Primary Principle – Taxes should be used primarily to fund government operations and not for economic incentives. Too often breaks have unintended consequences and fail to stimulate the economy.
Personal Income Tax
Eliminate AMT and all tax credits. Tax credits such as those for race horses benefit the few in the expense for this many.
Eliminate deductions of charitable contributions. So here is one tax payer subsidize another’s favorite charity?
Reduce your son or daughter deduction together with a max of three younger children. The country is full, encouraging large families is overlook.
Keep the deduction of home mortgage interest. Home ownership strengthens and adds resilience to the economy. If the mortgage deduction is eliminated, as the President’s council suggests, the country will see another round of foreclosures and interrupt the recovery of the construction industry.
Allow deductions for educational costs and interest on student loan. It is advantageous for federal government to encourage education.
Allow 100% deduction of medical costs and insurance policy. In business one deducts the cost of producing wares. The cost of training is mainly the upkeep of ones health.
Increase the tax rate to 1950-60s confiscatory levels, but allow liberal deductions for “investments in America”. Prior into the 1980s earnings tax code was investment oriented. Today it is consumption driven. A consumption oriented economy degrades domestic economic health while subsidizing US trading friends. The stagnating economy and the ballooning trade deficit are symptoms of consumption tax policies.

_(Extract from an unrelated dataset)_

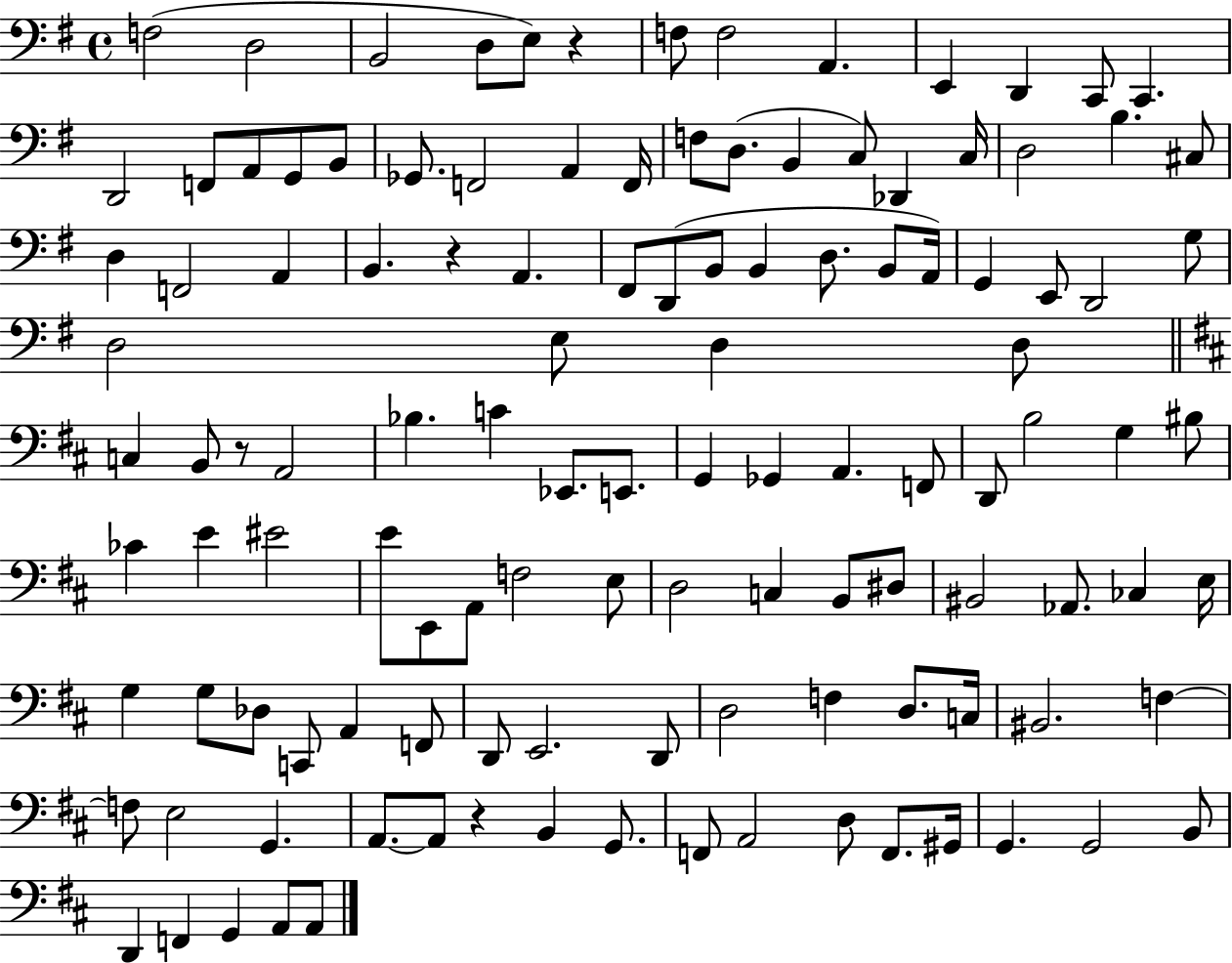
F3/h D3/h B2/h D3/e E3/e R/q F3/e F3/h A2/q. E2/q D2/q C2/e C2/q. D2/h F2/e A2/e G2/e B2/e Gb2/e. F2/h A2/q F2/s F3/e D3/e. B2/q C3/e Db2/q C3/s D3/h B3/q. C#3/e D3/q F2/h A2/q B2/q. R/q A2/q. F#2/e D2/e B2/e B2/q D3/e. B2/e A2/s G2/q E2/e D2/h G3/e D3/h E3/e D3/q D3/e C3/q B2/e R/e A2/h Bb3/q. C4/q Eb2/e. E2/e. G2/q Gb2/q A2/q. F2/e D2/e B3/h G3/q BIS3/e CES4/q E4/q EIS4/h E4/e E2/e A2/e F3/h E3/e D3/h C3/q B2/e D#3/e BIS2/h Ab2/e. CES3/q E3/s G3/q G3/e Db3/e C2/e A2/q F2/e D2/e E2/h. D2/e D3/h F3/q D3/e. C3/s BIS2/h. F3/q F3/e E3/h G2/q. A2/e. A2/e R/q B2/q G2/e. F2/e A2/h D3/e F2/e. G#2/s G2/q. G2/h B2/e D2/q F2/q G2/q A2/e A2/e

Eliminate 401K and IRA programs. All investment in stocks and bonds ought to deductable merely taxed when money is withdrawn among the investment advertises. The stock and bond markets have no equivalent for the real estate’s 1031 pass on. The 1031 real estate exemption adds stability on the real estate market allowing accumulated equity to supply for further investment.
(Notes)
GDP and Taxes. Taxes can fundamentally be levied as being a percentage of GDP. The faster GDP grows the greater the government’s chance to tax. More efficient stagnate economy and the exporting of jobs coupled with the massive increase with debt there is limited way the usa will survive economically with massive craze of tax profits. The only way possible to increase taxes end up being encourage a tremendous increase in GDP.
Encouraging Domestic Investment. Within 1950-60s taxes rates approached 90% to your advantage income earners. The tax code literally forced great living earners to “Invest in America”. Such policies of deductions for pre paid interest, funding limited partnerships and other investments against earned income had the dual impact of accelerating GDP while providing jobs for the growing middle class. As jobs were come up with tax revenue from the middle class far offset the deductions by high income earners.
Today lots of the freed income contrary to the upper income earner has left the country for investments in China and the EU in the expense among the US economic state. Consumption tax polices beginning inside the 1980s produced a massive increase in the demand for brand name items. Unfortunately those high luxury goods were frequently manufactured off shore. Today capital is fleeing to China and online itr filing india blighting the manufacturing sector of the US and reducing the tax base at an occasion when debt and a maturing population requires greater tax revenues.
The changes above significantly simplify personal income tax bill. Except for accounting for investment profits which are taxed at capital gains rate which reduces annually based with a length of energy capital is invested the number of forms can be reduced together with a couple of pages.